Eine der bekanntesten Definitionen von Erziehung stammt von Brezinka. Seine Definition beschreibt selbstverständlich die normale Erziehung in Elternhaus und Schule: «Unter Erziehung werden soziale Handlungen verstanden, durch die Menschen versuchen, das Gefüge der psychischen Dispositionen anderer Menschen dauerhaft zu verbessern oder seine als wertvoll beurteilten Komponenten zu erhalten oder die Entstehung von Dispositionen, die als schlecht beurteilt werden, zu verhüten.» (Brezinka 1990, 95) Diese Definition wird in Fachbüchern häufig zitiert (Steinebach 2003; Krapp/Weidenmann 2006; Nolting/Paulus 2018. Der Begriff Disposition wird hier als Synonym für die jeweils individuelle Struktur von Wissen, Denken, Fühlen, Wollen und Handeln verstanden (vgl. Heinerth 1979).
Die Definition von Brezinka ist für eine Definition der Nacherziehung ebenfalls gültig, benötigt aber eine Ergänzung: «Unter Nacherziehung werden soziale Handlungen verstanden, durch die Menschen versuchen, das Gefüge der psychischen Dispositionen anderer Menschen dauerhaft zu verbessern oder seine als wertvoll beurteilten Komponenten zu erhalten oder die Entstehung von Disposition, die als schlecht beurteilt werden, zu verhüten respektive solche negativen Dispositionen oder Verhaltensweisen zu verringern und möglichst aufzugeben. Nacherziehendes Handeln basiert auf Beziehung, ist analytisch, erzieherisch, re-edukativ (wieder erziehend), konstruktiv und zielgerichtet.»

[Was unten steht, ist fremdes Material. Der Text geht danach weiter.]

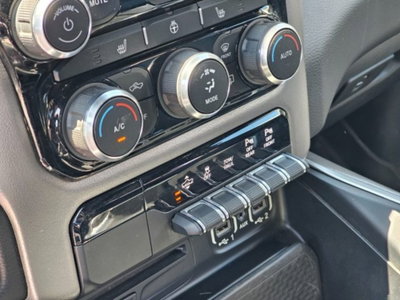 Ram Ram Pick-up Ram 1500 5.7 V8 Crew Cab Big Horn Black 395cv at8 (13)
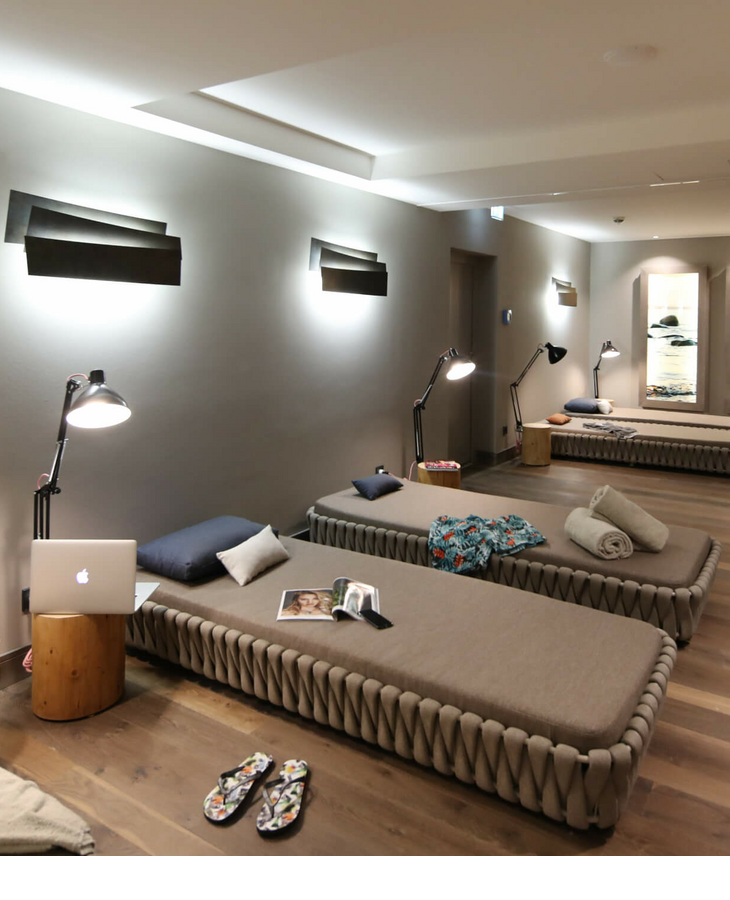 Moderner Ruheraum mit Liegen, Decken und Lampen im Hotel Landhaus Severin*s Morsum Kliff, Sylt.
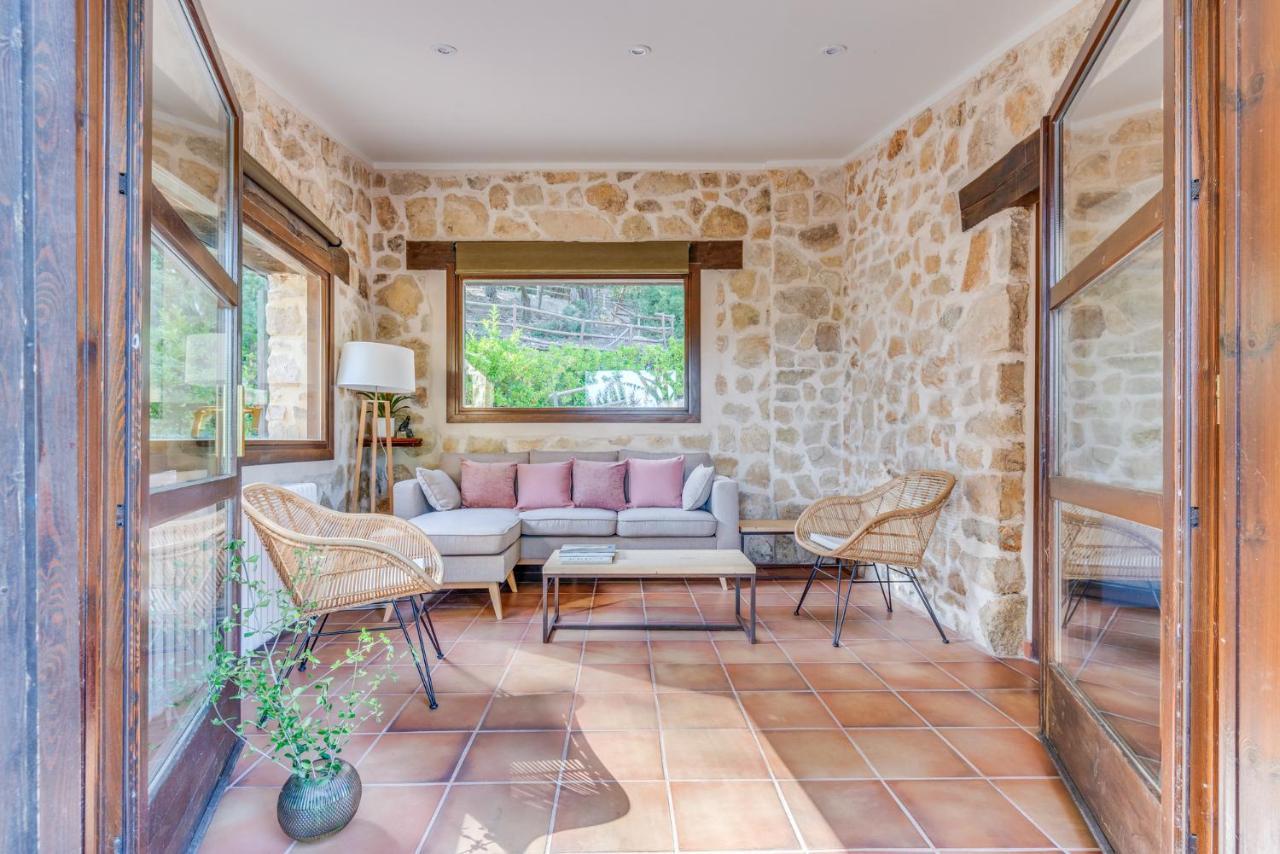 Masia Ventanell Luxury Near Barcelona La Llacuna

Diese ergänzte Definition enthält die zusätzlichen Aufgaben von Nacherziehung, bei der es immer darum geht, bereits chronifizierte Dispositionen oder Verhaltensweisen wie z.B. selbst- oder fremdschädigendes Verhalten, Drogenmissbrauch oder delinquente Handlungen zu modifizieren, zu verringern oder aufzugeben.

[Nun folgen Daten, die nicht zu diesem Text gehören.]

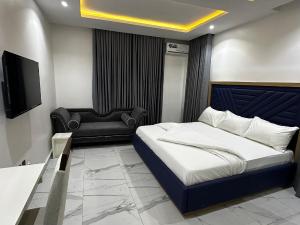 1 bedroom Studio Apartment Short let Oweh Street Jibowu Yaba Lagos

In diesem Sinn ist das geltende Verständnis des Erziehungsbegriffs (vgl. Steinebach 2003, 17) für die Nacherziehung ebenfalls zu erweitern:
- Nacherziehung ist Handeln, also ein Geschehen, das geplant und reflektiert und mit Argumenten begründet werden kann.
- Erzogen und nacherzogen werden nicht nur Kinder und Jugendliche, sondern auch Erwachsene und alte Menschen stehen in (Nach-) Erziehungsprozessen.
- Im Nacherziehungsprozess werden zumindest mittel- oder längerfristig psychische Dispositionen beeinflusst. Kurzfristige Änderungen im Verhalten sind hier nicht gemeint.
- Es sollen jene Dispositionen aufgebaut werden oder erhalten bleiben, die als positiv erachtet werden.
- Es sollen jene Dispositionen verhütet respektive verringert oder überwunden werden, die als negativ bewertet werden.
Diese Definition von Nacherziehung ist in Zukunft sicherlich noch zu optimieren. Eine der Zielsetzungen dieser Definition war zu analysieren, wieweit die Inhalte der Nacherziehung innerhalb der heutigen erziehungswissenschaftlichen Definitionen zu positionieren sind. Rein von der Definition her kann dieser Versuch als gelungen betrachtet werden. Das nächste Kapitel wirft die Nacherziehung allerdings steil aus der heutigen Erziehungswissenschaft hinaus in den Bereich der pädagogischen Unwissenschaftlichkeit.